Start of SUPPLIED ENTRIES

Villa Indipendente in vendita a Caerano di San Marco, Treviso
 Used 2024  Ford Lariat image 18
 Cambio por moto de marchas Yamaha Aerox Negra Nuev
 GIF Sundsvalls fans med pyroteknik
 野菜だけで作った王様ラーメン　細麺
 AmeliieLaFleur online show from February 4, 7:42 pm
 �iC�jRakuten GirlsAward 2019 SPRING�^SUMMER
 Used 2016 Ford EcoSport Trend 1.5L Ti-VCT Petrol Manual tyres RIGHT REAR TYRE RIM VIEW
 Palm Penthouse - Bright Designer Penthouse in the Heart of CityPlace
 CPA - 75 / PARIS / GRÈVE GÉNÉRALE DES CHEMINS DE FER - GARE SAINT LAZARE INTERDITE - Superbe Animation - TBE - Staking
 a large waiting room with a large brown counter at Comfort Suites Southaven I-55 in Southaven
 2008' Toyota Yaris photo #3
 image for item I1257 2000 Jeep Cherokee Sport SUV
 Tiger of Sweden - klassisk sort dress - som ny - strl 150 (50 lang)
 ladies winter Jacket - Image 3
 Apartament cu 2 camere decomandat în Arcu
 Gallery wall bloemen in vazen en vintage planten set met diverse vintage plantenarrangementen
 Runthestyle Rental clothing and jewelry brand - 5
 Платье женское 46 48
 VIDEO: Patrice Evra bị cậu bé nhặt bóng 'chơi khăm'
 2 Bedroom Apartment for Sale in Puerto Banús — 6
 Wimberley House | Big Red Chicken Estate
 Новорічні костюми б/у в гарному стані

End of SUPPLIED ENTRIES

Return each line among the entries that holds the word "Ford".

 Used 2024  Ford Lariat image 18
 Used 2016 Ford EcoSport Trend 1.5L Ti-VCT Petrol Manual tyres RIGHT REAR TYRE RIM VIEW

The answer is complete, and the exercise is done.